Mario est pressé, il a deux semaines de vacances, est venu avec des amis plongeurs et veut passer son niveau un pour les rejoindre au plus vite. Ahmed lui propose une alternative, il peut faire le niveau 1 avec moi, qui comprend très correctement l’italien mais serai plus à l’aise pour l’enseigner en anglais. Il devra donc gérer la partie théorique avec mon collègue, et la partie pratique en piscine et en mer avec moi. Mario est enthousiaste, il accepte sans même m’avoir rencontrée.
On est en plein pic de saison, je jongle indéfiniment depuis trois semaines entre de multiples personnes aux voeux aussi variés que leurs profils : baptême, cours de spécialité, niveau 1, 2… Mes journées ressemblent à un marathon, j’ai oublié le concept de « pause déjeuner », je ne sais même plus comment on prépare une salade la veille soir, je m’endors régulièrement complètement habillée, d’épuisement, aux alentours de 20h… Et Mario débarque, sa bouille de gamin enchanté, en plein milieu d’un planning où je tente déjà vainement de combiner des cours en français et en anglais…

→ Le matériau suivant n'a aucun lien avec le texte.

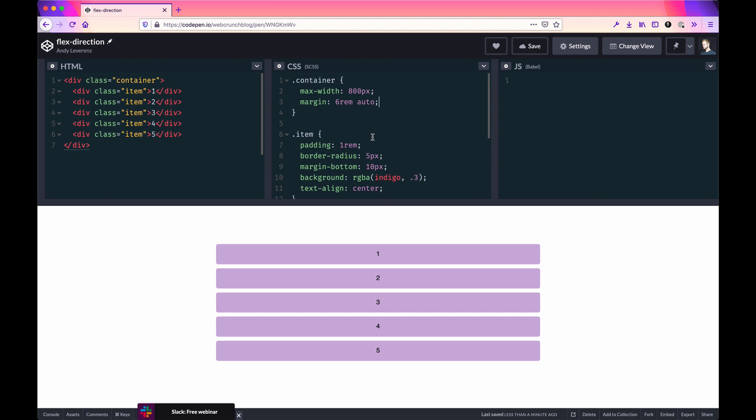This video is going to cover flex-direction in CSS Flexbox. If you're not sure what Flexbox is, I made another video on that which I'll probably link here. These are going to be short, quick tips on ways to understand Flexbox properties to get a better grasp on how to use CSS Flexbox as a whole.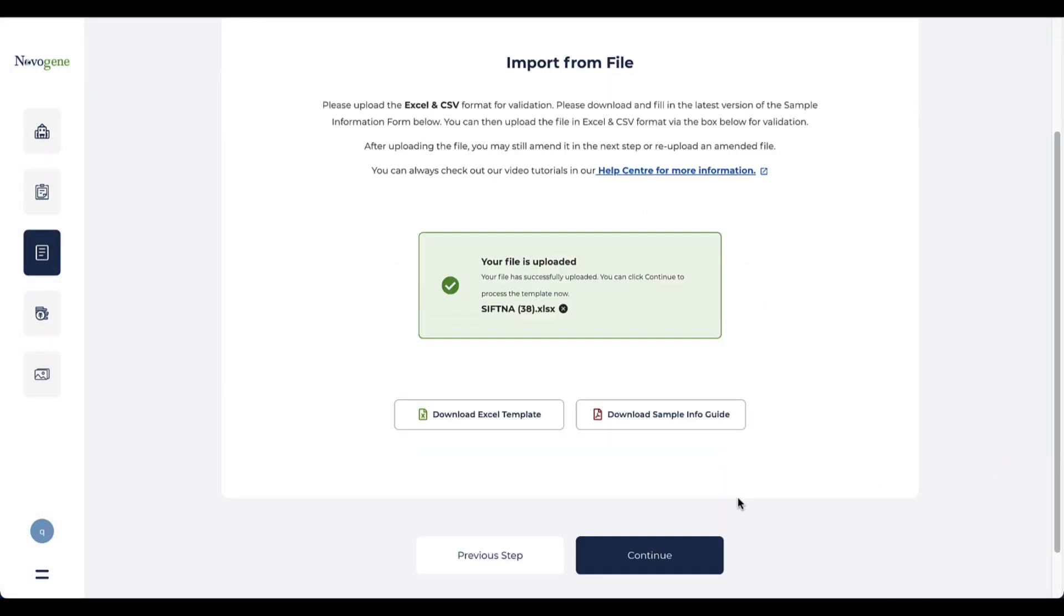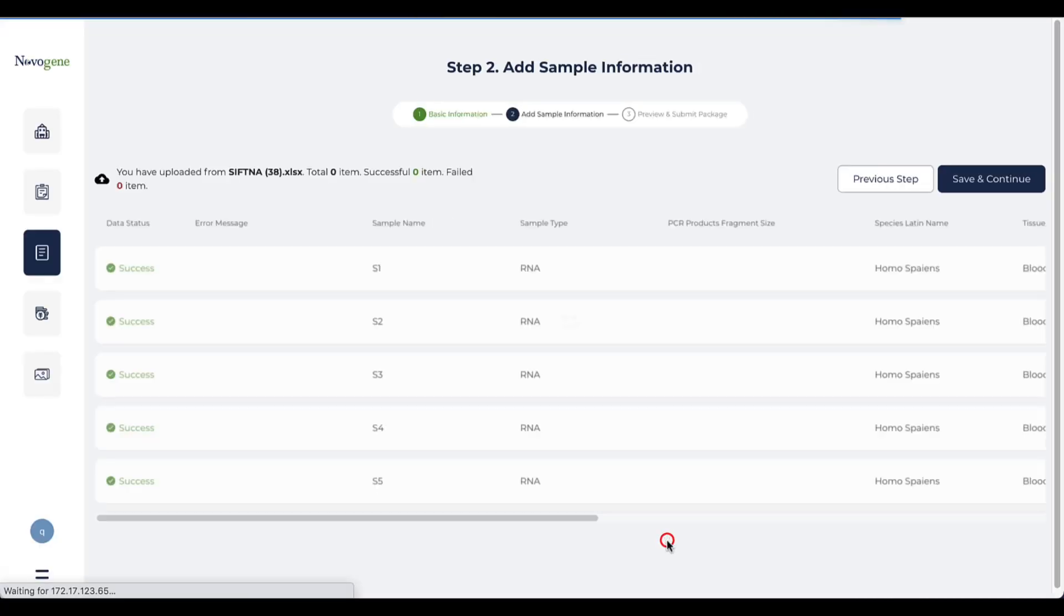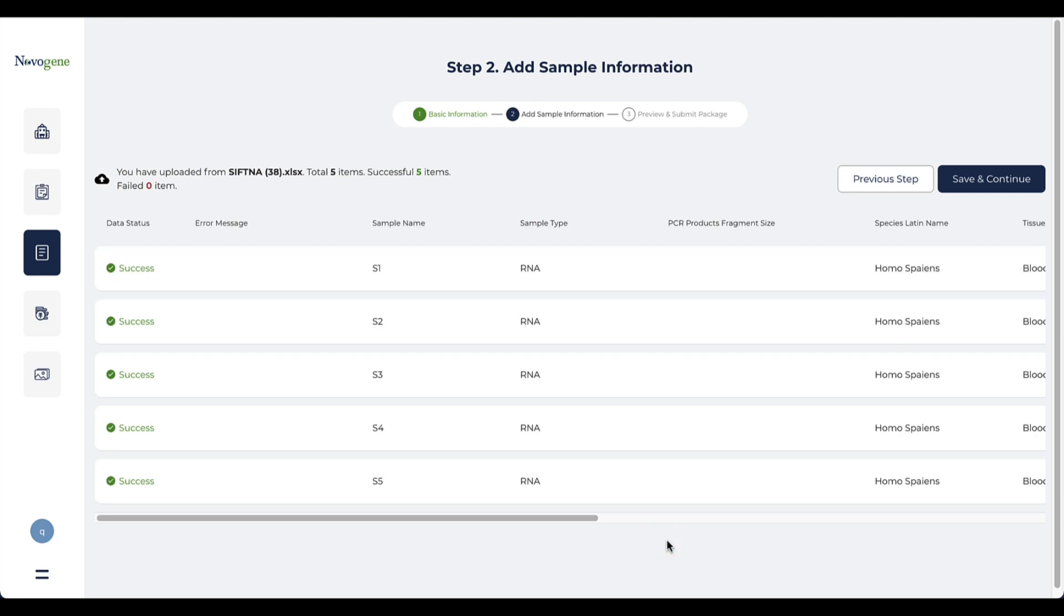The system will double check if all information on the Excel table are correct. The failed rows will be marked in this list with a reason.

C’est un cou-près. Il a beau me sortir son plus beau sourire et lancer une adorable accroche typique du séducteur italien, j’ai juste envie de fuir en courant. Pourquoi moi ? Pourquoi maintenant ? Pourquoi cette foutue bactérie dans l’oreille de mon collègue.
Mario va donc joindre mon cours de niveau 1, avec mes deux polonais, mère et fils, dont seul le fils comprend l’anglais et traduit instantanément à sa mère, et mon belge qui ne parle pas un mot d’anglais. Une tour de Babel sous marine…

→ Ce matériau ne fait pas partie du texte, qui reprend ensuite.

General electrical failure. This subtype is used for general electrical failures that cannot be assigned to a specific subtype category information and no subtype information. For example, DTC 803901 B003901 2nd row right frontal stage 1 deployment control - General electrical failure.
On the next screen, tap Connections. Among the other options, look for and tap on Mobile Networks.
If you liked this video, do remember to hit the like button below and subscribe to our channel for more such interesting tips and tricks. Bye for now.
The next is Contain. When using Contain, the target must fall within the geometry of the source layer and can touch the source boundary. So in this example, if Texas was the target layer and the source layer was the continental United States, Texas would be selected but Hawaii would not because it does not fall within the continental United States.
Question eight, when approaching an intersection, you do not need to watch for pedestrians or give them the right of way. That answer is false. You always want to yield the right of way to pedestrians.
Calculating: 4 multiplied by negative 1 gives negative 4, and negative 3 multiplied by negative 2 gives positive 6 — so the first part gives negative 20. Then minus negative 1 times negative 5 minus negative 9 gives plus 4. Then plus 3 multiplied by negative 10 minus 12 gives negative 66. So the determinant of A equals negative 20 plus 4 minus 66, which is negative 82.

Les réglages du débuts sont un peu complexes, chacun fait son cours de façon un peu isolée, barrière de la langue oblige. Mais très vite mes bêtises habituelles sous l’eau détendent tout le monde et la cohésion de groupe pointe le bout de son nez.
Mario est un très bon plongeur. Sa motivation balaye du revers toutes les difficultés qui auraient pu être préssenties à cause de la barrière de la langue. Il écoute mes briefings en anglais avec un sourcillement caractéristique de la personne qui ne comprend que 25% ou moins des informations. Il écoute mes briefings en français et ne peut s’empêcher de me sortir en italien à chaque fois ou presque que (sic) :
Il francese è una lingua così romantico…
Comprenez, si je pouvais vous inviter à diner ce serait avec plaisir…
Nous finissons sans encombres le niveau 1, Mario est très assidu, au point de toujours venir une demie heure en avance pour chaque rendez-vous, se prend de passion pour des debriefings interminables post plongée. Nous feuilletons ensemble le guide de la faune de récif en italien à chaque fois ou presque et ma connaissance du vocabulaire faunistique s’améliore malgré moi.
Ahmed est guéri, et Mario veut continuer sa formation en attaquant directement le niveau 2. Je tente une opération diplomatique de grande envergure, poussant mon élève adorable mais trop adorant, dans les bras de mon collègue égyptien.
Rien n’y fait. Mario veut continuer avec moi. Mes collègues se jouent de la situation et alimentent son fantasme de la monitrice cool et désirable en lui racontant tout un tas de détails de ma vie privée. Je suis piégée. C’est le jeu ma bonne Lucette. Le client est roi.
Je décide de transformer l’essai. Après tout mon niveau en italien n’est pas si mauvais que ça. Je vais prendre en charge l’intégralité du cours cette fois ci. Revue des connaissances théoriques incluse, dans la langue de Dante.
Nous passons encore ensemble trois jours à plonger, en duo cette fois. L’instant le plus mémorable, s’il n’en est qu’un tant le personnage est délicieusement caricatural, sera notre plongée « naturaliste ».
Je prépare consciencieusement une planche d’observation de la faune pour Mario, avec différentes familles de poissons, symbiose, stations de nettoyage et autres singularités du monde sous marin à observer. Après un briefing mi italien – mi anglais, Mario, studieux, embarque sa planche sous l’eau et observe durant près de 70 minutes un récif gorgé de poissons et coraux. Je le vois noter régulièrement des informations sur sa planche, ravie qu’il prenne son travail au sérieux, malgré les multiples tentatives de diversion lors de nos séances lecture du guide de la faune en Mer Rouge…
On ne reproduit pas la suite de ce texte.